Dataset extract
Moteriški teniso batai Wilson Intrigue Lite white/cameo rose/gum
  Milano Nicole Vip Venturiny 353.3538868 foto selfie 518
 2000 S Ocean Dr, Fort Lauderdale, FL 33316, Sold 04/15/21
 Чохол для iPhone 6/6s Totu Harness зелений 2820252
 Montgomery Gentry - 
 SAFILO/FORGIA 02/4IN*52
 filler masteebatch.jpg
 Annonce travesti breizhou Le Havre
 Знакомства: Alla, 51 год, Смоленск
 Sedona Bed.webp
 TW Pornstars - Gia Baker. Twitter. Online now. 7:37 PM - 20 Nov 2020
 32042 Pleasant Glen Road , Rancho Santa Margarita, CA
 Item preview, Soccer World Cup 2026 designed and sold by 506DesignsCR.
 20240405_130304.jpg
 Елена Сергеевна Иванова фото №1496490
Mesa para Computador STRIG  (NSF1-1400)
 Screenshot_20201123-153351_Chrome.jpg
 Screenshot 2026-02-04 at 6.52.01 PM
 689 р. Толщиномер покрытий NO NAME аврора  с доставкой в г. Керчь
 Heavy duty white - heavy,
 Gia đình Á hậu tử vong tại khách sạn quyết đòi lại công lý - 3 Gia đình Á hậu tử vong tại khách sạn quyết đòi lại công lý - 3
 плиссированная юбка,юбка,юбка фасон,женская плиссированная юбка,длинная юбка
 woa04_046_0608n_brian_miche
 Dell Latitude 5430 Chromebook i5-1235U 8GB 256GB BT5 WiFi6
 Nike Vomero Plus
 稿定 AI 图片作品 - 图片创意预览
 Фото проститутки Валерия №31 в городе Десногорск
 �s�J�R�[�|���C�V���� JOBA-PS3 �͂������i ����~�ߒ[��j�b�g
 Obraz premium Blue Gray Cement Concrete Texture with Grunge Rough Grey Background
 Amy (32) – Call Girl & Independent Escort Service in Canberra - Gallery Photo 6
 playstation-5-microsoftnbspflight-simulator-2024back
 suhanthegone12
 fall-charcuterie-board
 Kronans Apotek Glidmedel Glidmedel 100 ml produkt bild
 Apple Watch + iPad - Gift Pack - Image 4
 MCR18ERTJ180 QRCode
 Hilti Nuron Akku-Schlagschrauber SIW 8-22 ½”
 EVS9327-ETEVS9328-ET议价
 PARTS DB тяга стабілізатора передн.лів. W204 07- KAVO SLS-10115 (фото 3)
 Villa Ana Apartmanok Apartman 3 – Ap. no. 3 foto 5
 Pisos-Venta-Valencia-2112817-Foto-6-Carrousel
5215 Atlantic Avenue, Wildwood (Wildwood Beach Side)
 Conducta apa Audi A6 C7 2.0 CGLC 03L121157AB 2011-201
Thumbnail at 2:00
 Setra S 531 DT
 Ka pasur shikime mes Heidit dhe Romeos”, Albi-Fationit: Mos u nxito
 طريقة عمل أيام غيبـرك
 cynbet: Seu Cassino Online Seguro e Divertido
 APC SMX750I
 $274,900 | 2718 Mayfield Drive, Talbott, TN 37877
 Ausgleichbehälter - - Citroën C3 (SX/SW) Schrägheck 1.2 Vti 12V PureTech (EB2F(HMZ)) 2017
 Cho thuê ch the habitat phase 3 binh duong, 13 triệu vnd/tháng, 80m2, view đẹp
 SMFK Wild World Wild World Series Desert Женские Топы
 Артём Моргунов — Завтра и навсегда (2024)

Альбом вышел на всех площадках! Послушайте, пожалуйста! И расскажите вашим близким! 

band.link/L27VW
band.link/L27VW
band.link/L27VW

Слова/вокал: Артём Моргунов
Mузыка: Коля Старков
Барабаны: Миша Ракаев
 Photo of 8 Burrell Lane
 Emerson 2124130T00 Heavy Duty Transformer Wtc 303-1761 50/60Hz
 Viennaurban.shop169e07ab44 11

Problem description
Working from the records above, write out verbatim only the lines from the line containing "稿定 AI 图片作品 - 图片创意预览" through the line containing "Pisos-Venta-Valencia-2112817-Foto-6-Carrousel".

Response to this exercise
 稿定 AI 图片作品 - 图片创意预览
 Фото проститутки Валерия №31 в городе Десногорск
 �s�J�R�[�|���C�V���� JOBA-PS3 �͂������i ����~�ߒ[��j�b�g
 Obraz premium Blue Gray Cement Concrete Texture with Grunge Rough Grey Background
 Amy (32) – Call Girl & Independent Escort Service in Canberra - Gallery Photo 6
 playstation-5-microsoftnbspflight-simulator-2024back
 suhanthegone12
 fall-charcuterie-board
 Kronans Apotek Glidmedel Glidmedel 100 ml produkt bild
 Apple Watch + iPad - Gift Pack - Image 4
 MCR18ERTJ180 QRCode
 Hilti Nuron Akku-Schlagschrauber SIW 8-22 ½”
 EVS9327-ETEVS9328-ET议价
 PARTS DB тяга стабілізатора передн.лів. W204 07- KAVO SLS-10115 (фото 3)
 Villa Ana Apartmanok Apartman 3 – Ap. no. 3 foto 5
 Pisos-Venta-Valencia-2112817-Foto-6-Carrousel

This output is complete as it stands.